• Task statement
Which lines of the records contain "Photo"? Collect every one of them.

• Data records
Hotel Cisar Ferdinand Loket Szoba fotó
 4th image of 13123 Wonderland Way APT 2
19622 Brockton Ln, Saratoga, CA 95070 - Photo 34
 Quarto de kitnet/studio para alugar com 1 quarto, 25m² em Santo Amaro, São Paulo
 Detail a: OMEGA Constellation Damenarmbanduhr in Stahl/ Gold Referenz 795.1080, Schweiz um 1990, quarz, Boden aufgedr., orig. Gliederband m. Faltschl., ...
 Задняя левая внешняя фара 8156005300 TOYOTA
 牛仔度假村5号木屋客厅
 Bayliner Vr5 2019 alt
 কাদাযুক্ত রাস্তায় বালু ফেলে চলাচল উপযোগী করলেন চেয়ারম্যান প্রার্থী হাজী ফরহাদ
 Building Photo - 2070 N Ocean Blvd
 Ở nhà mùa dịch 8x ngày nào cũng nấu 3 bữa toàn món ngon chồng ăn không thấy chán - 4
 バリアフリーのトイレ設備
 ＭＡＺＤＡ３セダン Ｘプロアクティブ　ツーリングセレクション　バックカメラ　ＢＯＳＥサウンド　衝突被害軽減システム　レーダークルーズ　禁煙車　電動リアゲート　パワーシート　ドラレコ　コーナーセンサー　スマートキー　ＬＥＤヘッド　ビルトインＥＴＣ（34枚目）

• Response for this exercise
19622 Brockton Ln, Saratoga, CA 95070 - Photo 34
 Building Photo - 2070 N Ocean Blvd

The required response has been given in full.